*** DATA FOR THIS EXERCISE ***
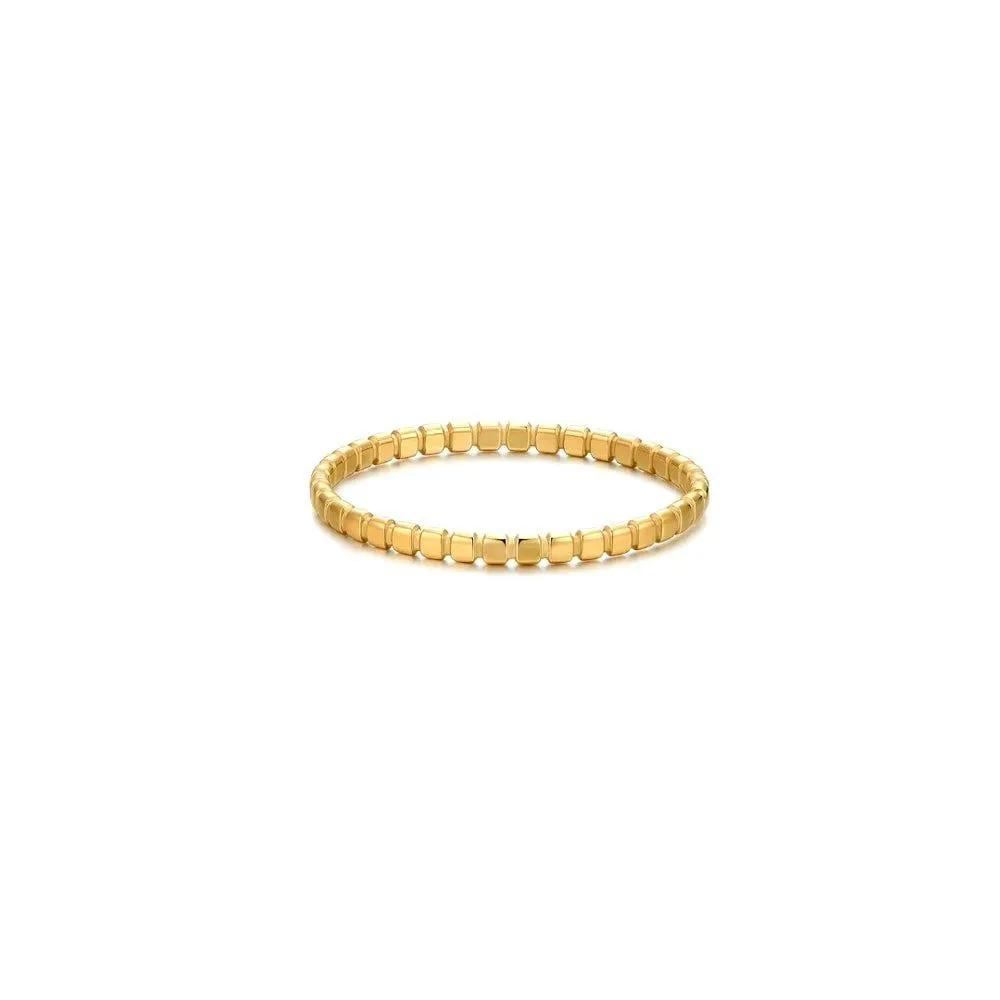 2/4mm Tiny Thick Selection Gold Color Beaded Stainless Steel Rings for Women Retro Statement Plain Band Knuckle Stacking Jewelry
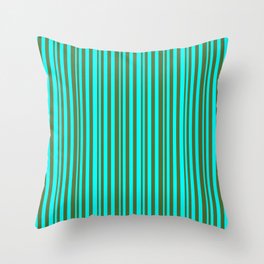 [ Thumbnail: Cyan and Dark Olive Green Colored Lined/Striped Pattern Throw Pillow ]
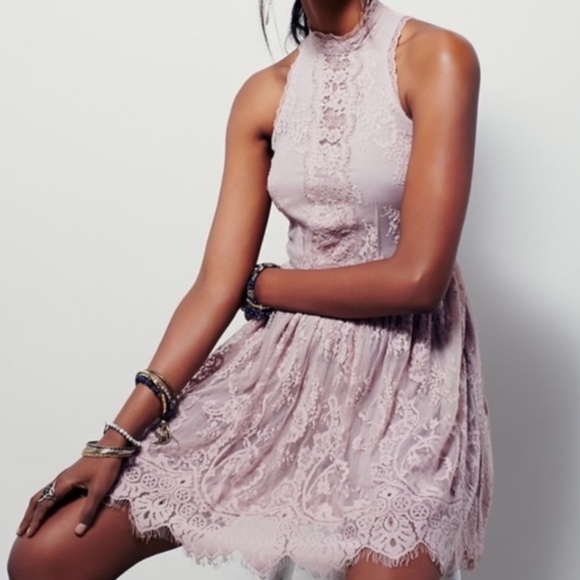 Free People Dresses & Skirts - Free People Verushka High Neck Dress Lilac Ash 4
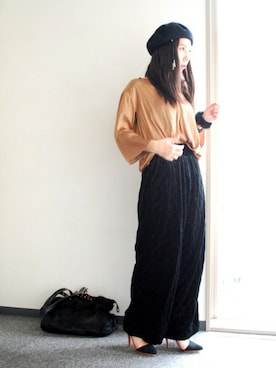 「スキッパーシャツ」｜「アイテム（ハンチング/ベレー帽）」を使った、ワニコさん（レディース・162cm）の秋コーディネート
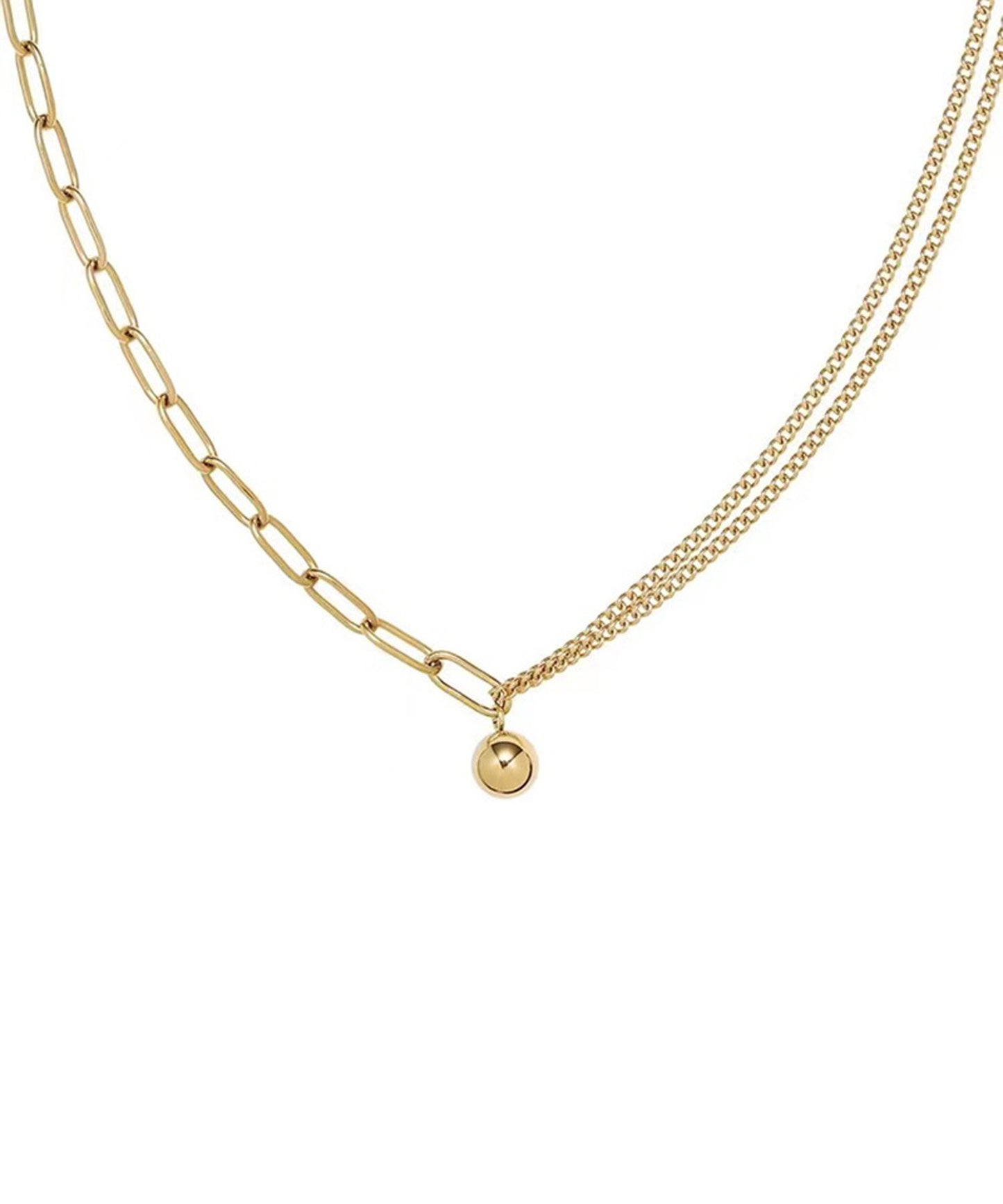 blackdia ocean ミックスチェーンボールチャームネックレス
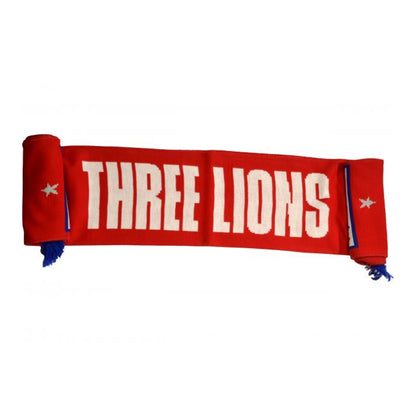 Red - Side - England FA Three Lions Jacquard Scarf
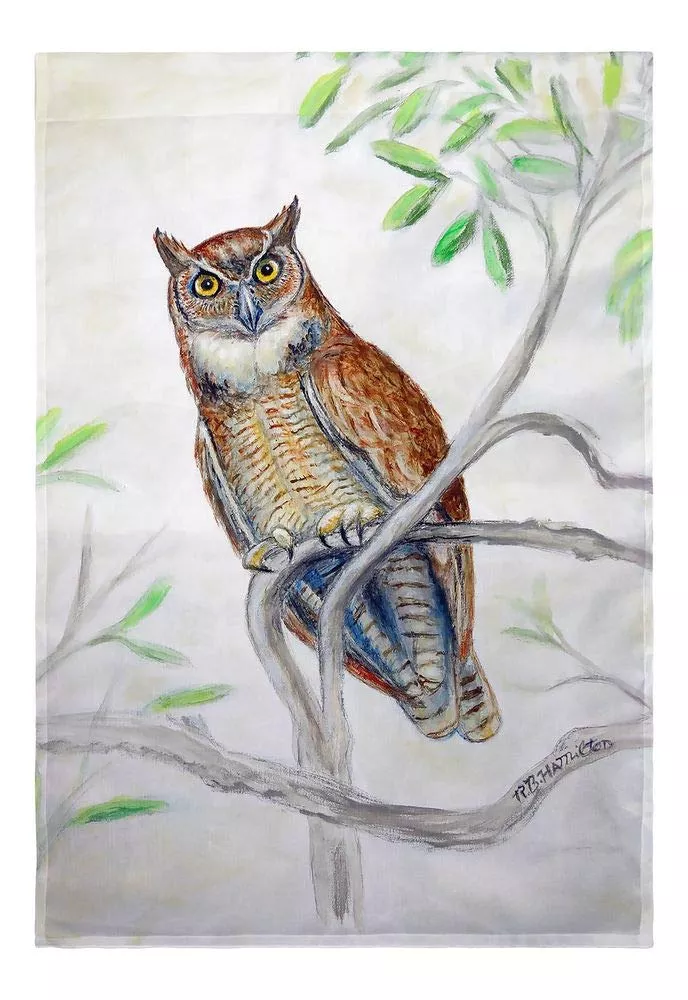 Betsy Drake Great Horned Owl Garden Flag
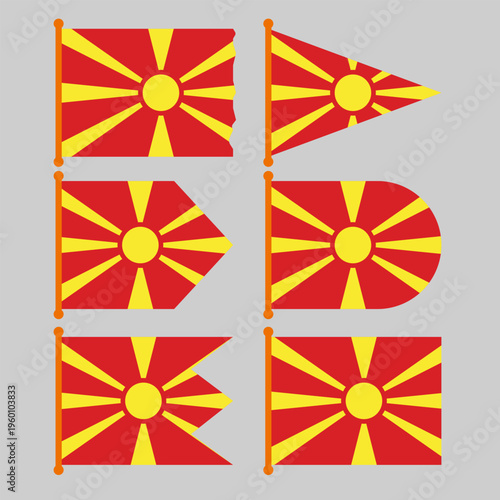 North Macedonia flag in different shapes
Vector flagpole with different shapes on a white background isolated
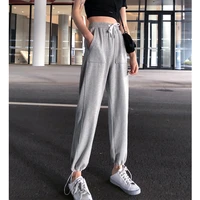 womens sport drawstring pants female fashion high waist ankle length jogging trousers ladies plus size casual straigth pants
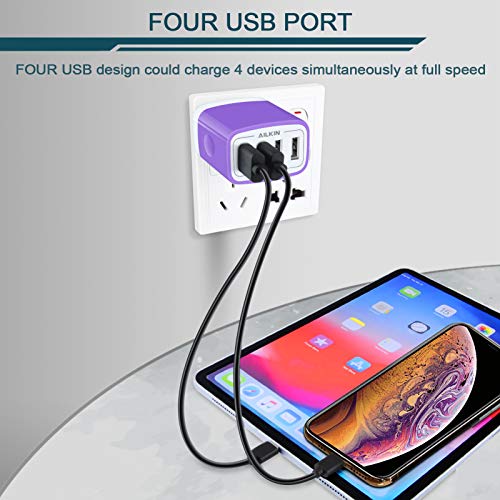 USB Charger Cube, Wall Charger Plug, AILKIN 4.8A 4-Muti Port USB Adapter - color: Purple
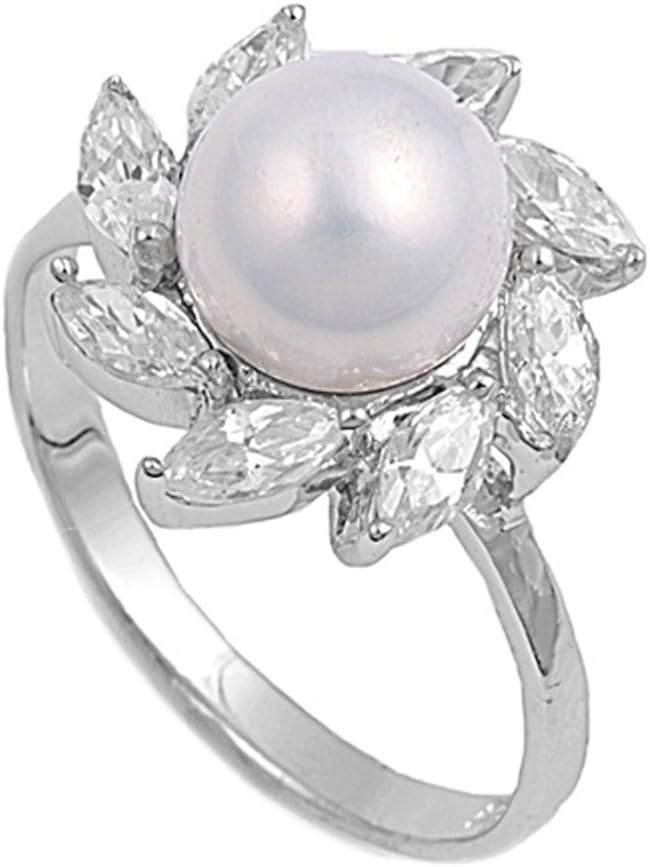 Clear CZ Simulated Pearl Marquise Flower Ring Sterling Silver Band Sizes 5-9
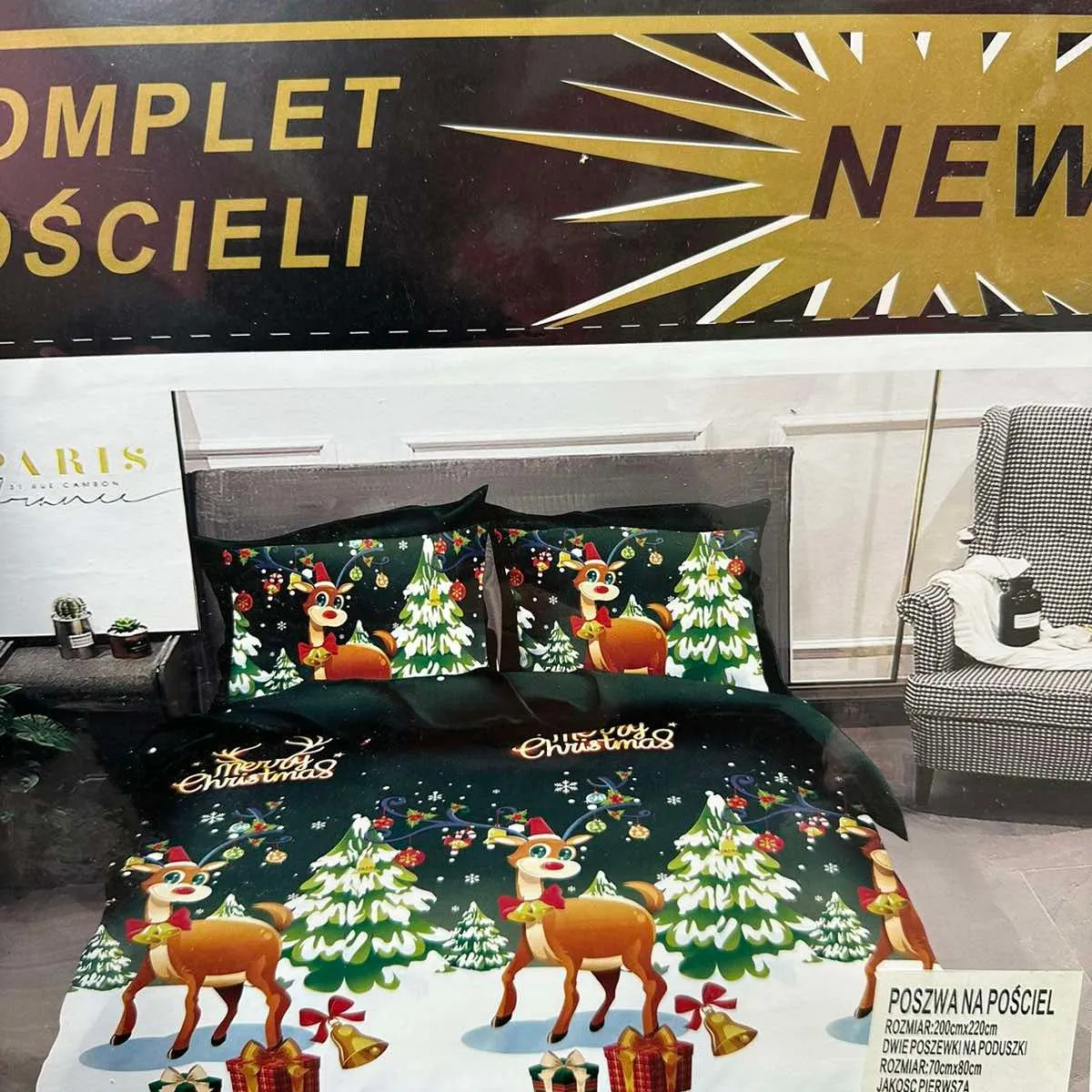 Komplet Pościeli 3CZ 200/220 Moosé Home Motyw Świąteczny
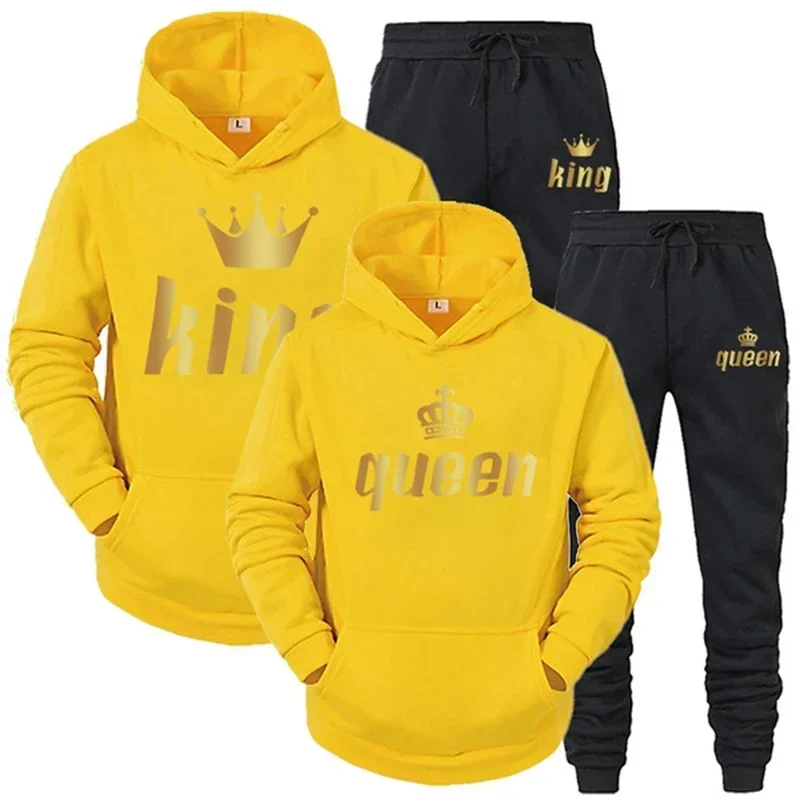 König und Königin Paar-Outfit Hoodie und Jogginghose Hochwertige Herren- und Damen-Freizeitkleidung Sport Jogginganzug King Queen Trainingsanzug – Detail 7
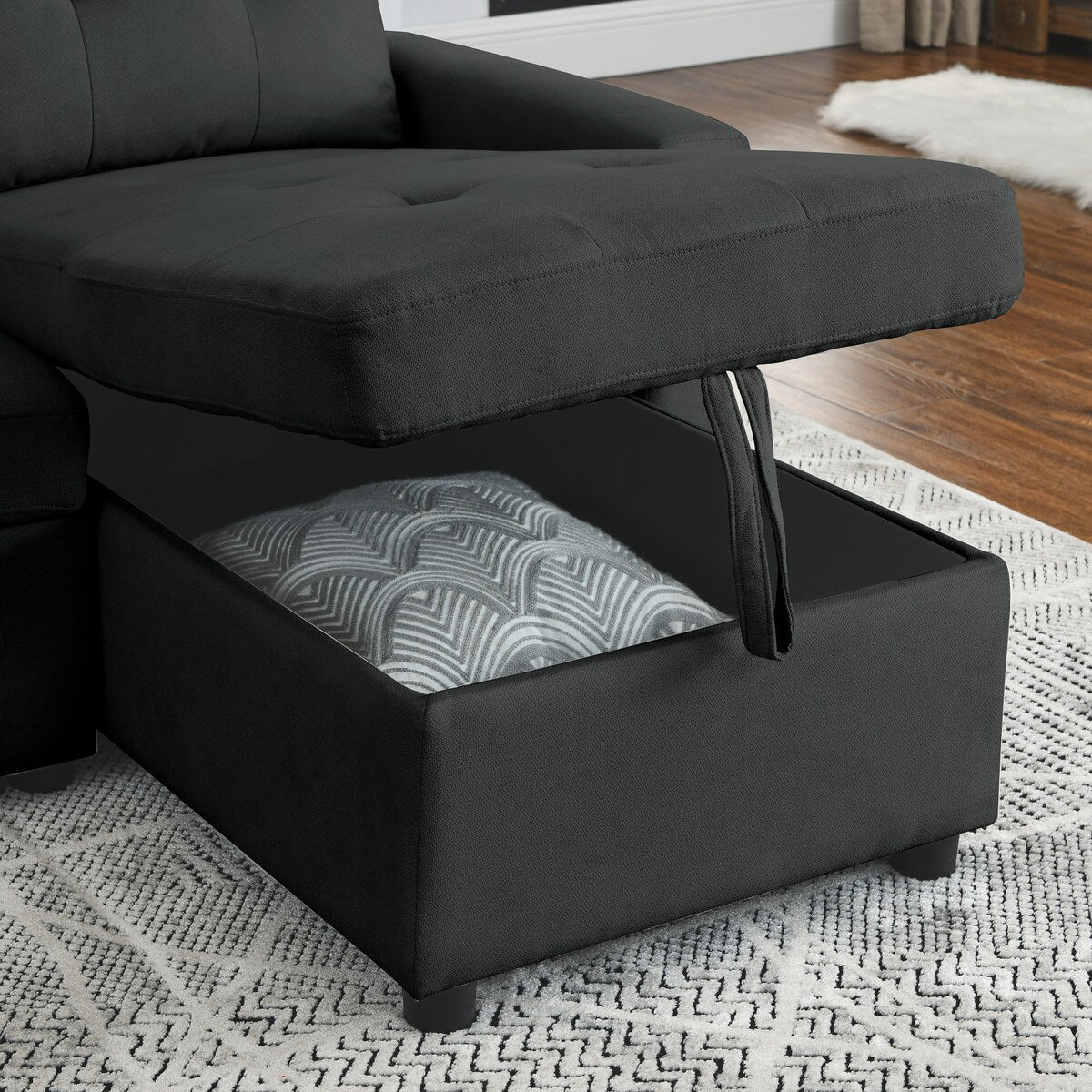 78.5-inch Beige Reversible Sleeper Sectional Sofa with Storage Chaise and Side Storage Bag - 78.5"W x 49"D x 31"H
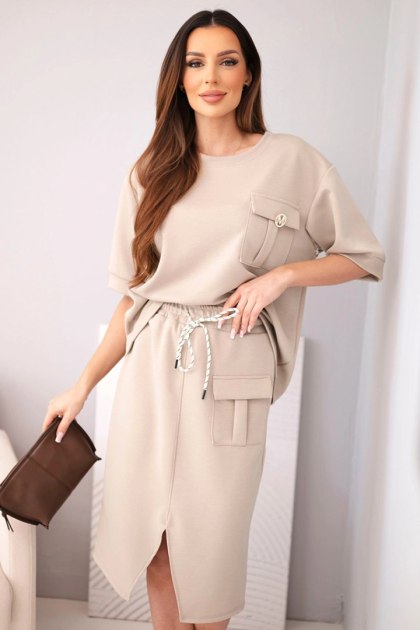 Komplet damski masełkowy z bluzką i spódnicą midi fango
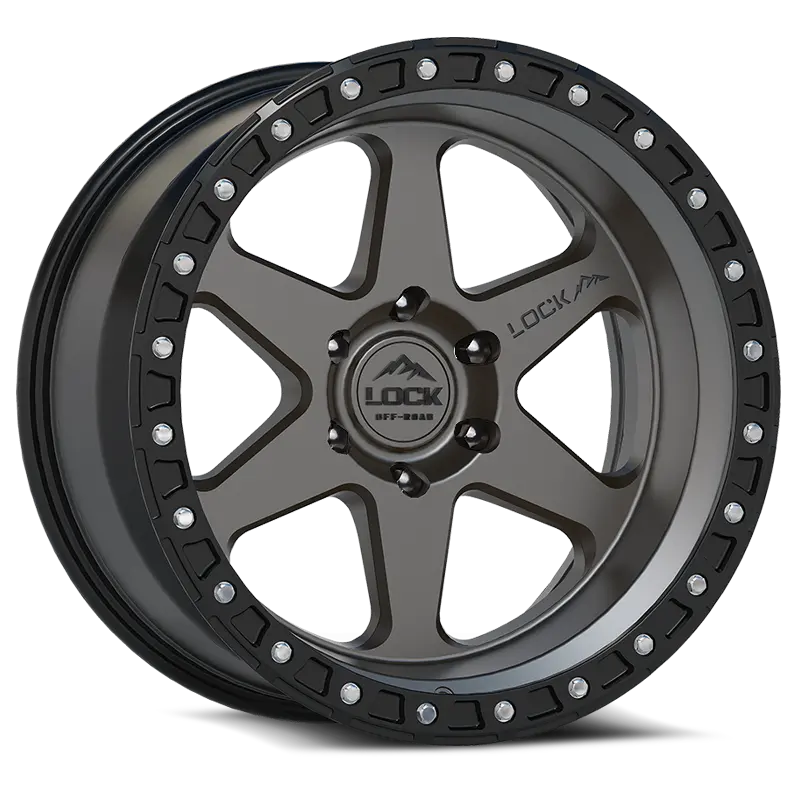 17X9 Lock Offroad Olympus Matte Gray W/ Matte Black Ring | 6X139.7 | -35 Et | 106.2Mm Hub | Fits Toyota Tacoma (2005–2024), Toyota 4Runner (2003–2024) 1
*** End of DATA FOR THIS EXERCISE ***
### INSTRUCTIONS TO FOLLOW
Return the entries exactly as given. Do not include pictures.

### TASK ANSWER
 2/4mm Tiny Thick Selection Gold Color Beaded Stainless Steel Rings for Women Retro Statement Plain Band Knuckle Stacking Jewelry
 [ Thumbnail: Cyan and Dark Olive Green Colored Lined/Striped Pattern Throw Pillow ]
 Free People Dresses & Skirts - Free People Verushka High Neck Dress Lilac Ash 4
 「スキッパーシャツ」｜「アイテム（ハンチング/ベレー帽）」を使った、ワニコさん（レディース・162cm）の秋コーディネート
 blackdia ocean ミックスチェーンボールチャームネックレス
 Red - Side - England FA Three Lions Jacquard Scarf
 Betsy Drake Great Horned Owl Garden Flag
 North Macedonia flag in different shapes
Vector flagpole with different shapes on a white background isolated
 womens sport drawstring pants female fashion high waist ankle length jogging trousers ladies plus size casual straigth pants
 USB Charger Cube, Wall Charger Plug, AILKIN 4.8A 4-Muti Port USB Adapter - color: Purple
 Clear CZ Simulated Pearl Marquise Flower Ring Sterling Silver Band Sizes 5-9
 Komplet Pościeli 3CZ 200/220 Moosé Home Motyw Świąteczny
 König und Königin Paar-Outfit Hoodie und Jogginghose Hochwertige Herren- und Damen-Freizeitkleidung Sport Jogginganzug King Queen Trainingsanzug – Detail 7
 78.5-inch Beige Reversible Sleeper Sectional Sofa with Storage Chaise and Side Storage Bag - 78.5"W x 49"D x 31"H
 Komplet damski masełkowy z bluzką i spódnicą midi fango
 17X9 Lock Offroad Olympus Matte Gray W/ Matte Black Ring | 6X139.7 | -35 Et | 106.2Mm Hub | Fits Toyota Tacoma (2005–2024), Toyota 4Runner (2003–2024) 1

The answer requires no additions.